Today I am going to talk about how async plugin init worked when web content attempted to access a property on a plugin’s scriptable object, when that plugin had not yet completed its asynchronous initialization.

As described on MDN, the DOM queries a plugin for scriptability by calling NPP_GetValue with the NPPVpluginScriptableNPObject constant. With async plugin init, we did not return the true NPAPI scriptable object back to the DOM. Instead we returned a surrogate object. This meant that we did not need to synchronously wait for the plugin to initialize before returning a result back to the DOM.

If the DOM subsequently called into that surrogate object, the surrogate would be forced to synchronize with the plugin. There was a limit on how much fakery the async surrogate could do once the DOM needed a definitive answer — after all, the NPAPI itself is entirely synchronous. While you may question whether the asynchronous surrogate actually bought us any responsiveness, performance profiles and measurements that I took at the time did indeed demonstrate that the asynchronous surrogate did buy us enough additional concurrency to make it worthwhile. A good number of plugin instantiations were able to complete in time before the DOM had made a single invocation on the surrogate.

Once the surrogate object had synchronized with the plugin, it would then mostly act as a pass-through to the plugin’s real NPAPI scriptable object, with one notable exception: property accesses.

The reason for this is not necessarily obvious, so allow me to elaborate:

The DOM usually sets up a scriptable object as follows:

  • Where this is the WebIDL object (ie, content’s <embed> element);
  • Whose prototype is the NPAPI scriptable object;
  • Whose prototype is the shared WebIDL prototype;
  • Whose prototype is Object.prototype.

NPAPI is reentrant (some might say insanely reentrant). It is possible (and indeed common) for a plugin to set properties on the WebIDL object from within the plugin’s NPP_New.

Suppose that the DOM tries to access a property on the plugin’s WebIDL object that is normally set by the plugin’s NPP_New.
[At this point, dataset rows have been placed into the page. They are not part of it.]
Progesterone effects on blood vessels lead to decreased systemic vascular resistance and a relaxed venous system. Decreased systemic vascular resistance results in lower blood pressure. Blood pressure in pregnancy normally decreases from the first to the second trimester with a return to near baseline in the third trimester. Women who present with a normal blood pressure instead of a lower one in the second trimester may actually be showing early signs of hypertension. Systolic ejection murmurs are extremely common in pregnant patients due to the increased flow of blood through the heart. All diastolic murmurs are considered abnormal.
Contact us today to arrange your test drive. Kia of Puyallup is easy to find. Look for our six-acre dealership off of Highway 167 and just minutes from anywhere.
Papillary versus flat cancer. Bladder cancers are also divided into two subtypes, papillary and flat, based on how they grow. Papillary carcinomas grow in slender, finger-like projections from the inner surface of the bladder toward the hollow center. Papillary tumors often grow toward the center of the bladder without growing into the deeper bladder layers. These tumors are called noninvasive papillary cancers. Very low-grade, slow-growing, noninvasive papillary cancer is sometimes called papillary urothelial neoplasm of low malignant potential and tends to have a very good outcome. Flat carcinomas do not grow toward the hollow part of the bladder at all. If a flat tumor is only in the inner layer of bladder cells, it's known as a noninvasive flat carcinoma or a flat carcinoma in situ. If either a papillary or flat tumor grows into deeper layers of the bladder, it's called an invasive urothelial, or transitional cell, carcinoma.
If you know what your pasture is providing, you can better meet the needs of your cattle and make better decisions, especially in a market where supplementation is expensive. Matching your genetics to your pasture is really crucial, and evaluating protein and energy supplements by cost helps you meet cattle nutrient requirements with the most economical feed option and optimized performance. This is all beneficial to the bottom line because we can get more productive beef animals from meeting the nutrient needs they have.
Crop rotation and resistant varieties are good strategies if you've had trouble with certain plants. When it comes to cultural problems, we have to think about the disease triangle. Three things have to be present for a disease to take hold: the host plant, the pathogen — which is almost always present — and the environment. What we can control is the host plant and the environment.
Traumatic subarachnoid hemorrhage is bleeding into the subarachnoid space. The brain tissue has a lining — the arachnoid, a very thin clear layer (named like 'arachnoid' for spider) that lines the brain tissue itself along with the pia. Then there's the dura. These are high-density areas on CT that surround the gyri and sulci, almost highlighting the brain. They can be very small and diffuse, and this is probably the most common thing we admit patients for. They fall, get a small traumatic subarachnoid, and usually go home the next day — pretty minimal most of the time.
In the asynchronous case, the plugin’s initialization might still be in progress, so that property might not yet exist.

In the case where the property does not yet exist on the WebIDL object, JavaScript fails to retrieve an “own” property. It then moves on to the first prototype and attempts to resolve the property on that. As outlined above, this prototype would actually be the async surrogate. The async surrogate would then be in a situation where it must absolutely produce a definitive result, so this would trigger synchronization with the plugin. At this point the plugin would be guaranteed to have finished initializing.

Now we have a problem: JS was already examining the NPAPI scriptable object when it blocked to synchronize with the plugin. Meanwhile, the plugin went ahead and set properties (including the one that we’re interested in) on the WebIDL object. By the time that JS execution resumes, it would already be looking too far up the prototype chain to see those new properties!
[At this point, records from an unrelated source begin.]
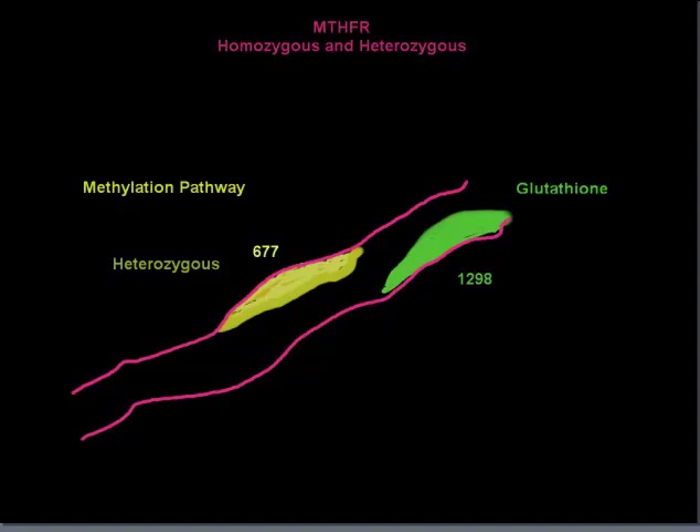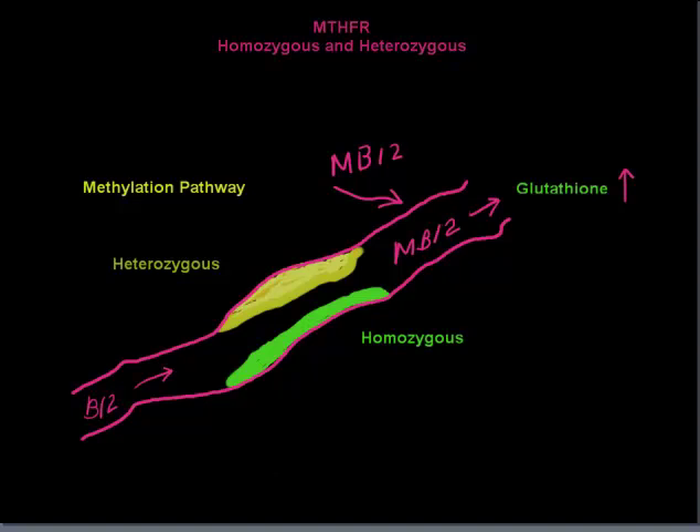So what do we do about this? We can't change our genetics, but we can do something about it. Over here we have B12 — this is what you usually measure at the laboratory, and it will usually be high in people with MTHFR because they just can't convert it. The enzyme converts it by adding folic acid and making methyl B12, which is used to make glutathione. We can add methyl B12 by subcutaneous injection or taking it sublingually. It doesn't work very well orally, and the injection form is much more effective than the sublingual form.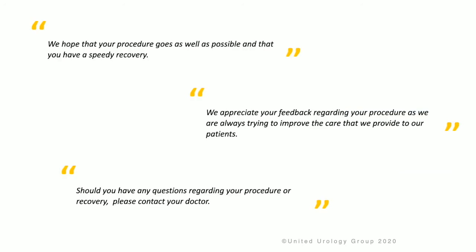We hope that your procedure goes as well as possible and that you have a speedy recovery. We appreciate your genuine feedback regarding your procedure, as we are always trying to improve the care that we provide our patients. Should you have any questions regarding your procedure or recovery, please contact your doctor. Thank you.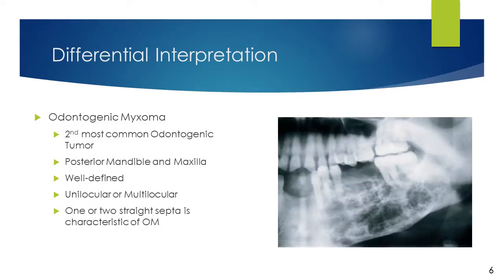The differential interpretation of odontogenic myxoma includes other lesions that are multilocular in appearance. These include, in order of likelihood: odontogenic myxoma, ameloblastoma, giant cell granuloma, and central hemangioma. Odontogenic myxoma is the second most common odontogenic tumor. It can be found in the posterior mandible and maxilla and usually presents as a well-defined radiolucent, unilocular, or multilocular area. One or two straight, sharp septa is characteristic of odontogenic myxoma and will help distinguish it from other differentials.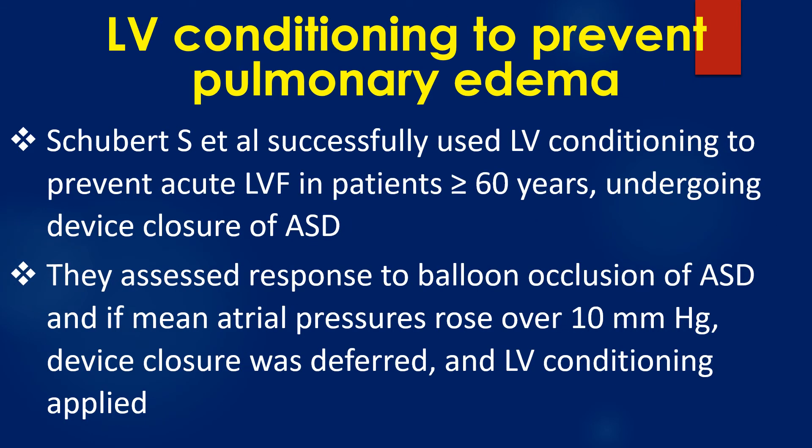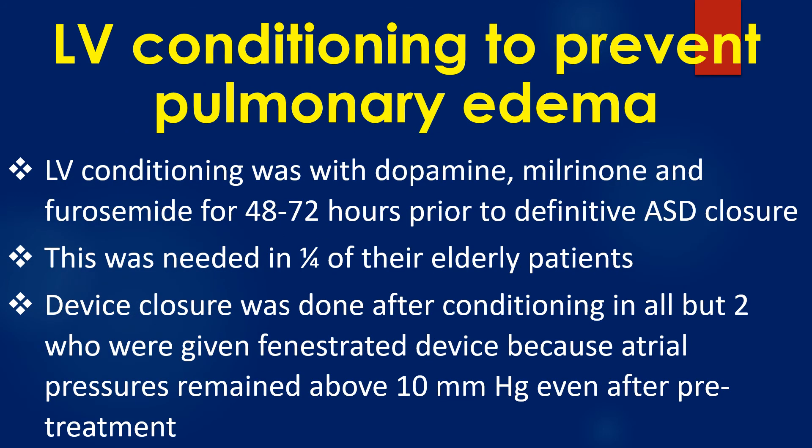Robert and colleagues successfully used left ventricular preconditioning to prevent acute left ventricular failure in patients aged above 60 years undergoing device closure of ASD. They assessed response to balloon occlusion of ASD, and if mean atrial pressures rose over 10 mmHg, device closure was deferred and LV preconditioning applied. LV conditioning was with dopamine, milrinone, and furosemide, administered 48 to 72 hours prior to definitive ASD closure.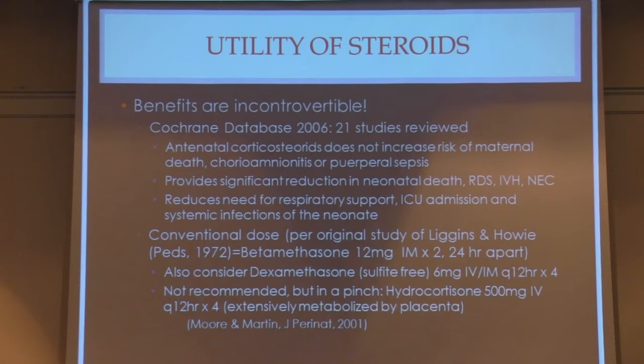Steroids have been around since the original study of Liggins and Howie in 1972 — a conventional dose of betamethasone 12mg IM times 2, 24 hours apart, the genesis of subsequent studies showing these neonatal benefits. If you don't have betamethasone, you can use sulfite-free dexamethasone — the sulfites have potential toxic effects on the fetus. Give 6mg IV or IM every 12 hours times 4. In a pinch you can use hydrocortisone 500mg IV Q12 hours times 4, but keep in mind only dexamethasone and betamethasone cross the placenta well and are resistant to placental enzymatic digestion by the hydrolases.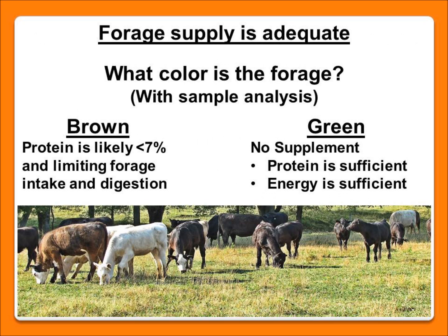If we've determined there is enough forage, the next question is whether there's enough protein in that forage to meet the cows' protein requirements. This can be assessed by visual observation or by sending a sample to a lab for analysis. Brown forages are a visual indication that protein levels are likely low. A critical threshold is 7% crude protein — when the diet falls below 7%, rumen microbes aren't doing their job efficiently, which may negatively impact forage intake and the cow's ability to digest and extract nutrients. Green forages, on the other hand, are a good visual indicator that energy and protein requirements should be sufficient.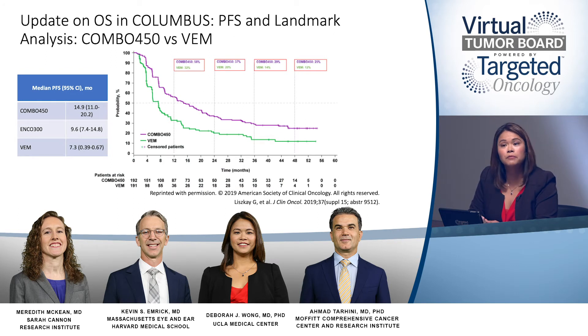Similar data we're also seeing in the Columbus study, which evaluated encorafenib and binimetinib compared to vemurafenib. Presented at the 2019 ASCO annual meeting, the median progression-free survival for patients treated with binimetinib and encorafenib was 14.9 months compared to 7.3 months with vemurafenib. Very exciting data demonstrating the efficacy of BRAF-MEK inhibition, with overall response rates very high — in the Columbus study, 75% of patients achieved an overall response rate by local review.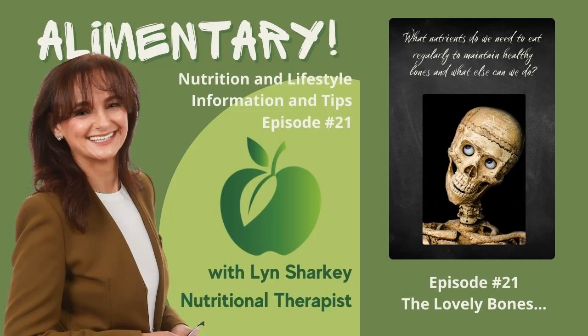Our bones make up our skeletal system and this is our support structure for our body. It gives the body shape, allows movement, stores minerals, makes blood cells and provides protection for our organs. For example, our ribs protect our organs in our torso. Our bones work with our muscles and together they are referred to as the musculoskeletal system.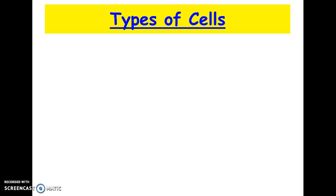Now that we've talked about surface area volume ratios and cells, and why cells are the size that they are, we're going to talk about the types of cells. There are two main types of cells.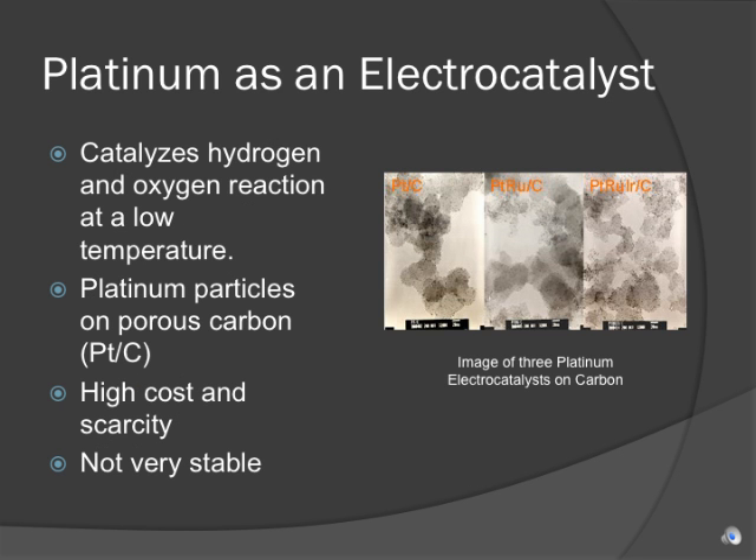Platinum is a valued catalyst for its ability to initiate chemical reactions at relatively low temperatures. The most commercial form of a fuel cell electrocatalyst is platinum particles on porous carbon. One problem with platinum is that it is extremely expensive. It is the goal of engineers to decrease the amount of platinum used in fuel cells while maximizing the effect of platinum that they do have to use. Another setback is that platinum is extremely prone to corrosion and weakens during its continuous use.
The surrogate needed to be aware of this when it synchronized with the plugin during a property access. If the plugin had already completed its initialization (thus rendering synchronization unnecessary), the surrogate would simply pass the property access on to the real NPAPI scriptable object. On the other hand, if a synchronization was performed, the surrogate would first retry the WebIDL object by querying for the WebIDL object’s “own” properties, and return the own property if it now existed. If no own property existed on the WebIDL object, then the surrogate would revert to its “pass through all the things” behaviour.

If I hadn’t made the asynchronous surrogate scriptable object do that, we would have ended up with a strange situation where the DOM’s initial property access on an embed could fail non-deterministically during page load.

That’s enough chatter for today. I enjoy blogging about my crazy hacks that make the impossible, umm… possible, so maybe I’ll write some more of these in the future.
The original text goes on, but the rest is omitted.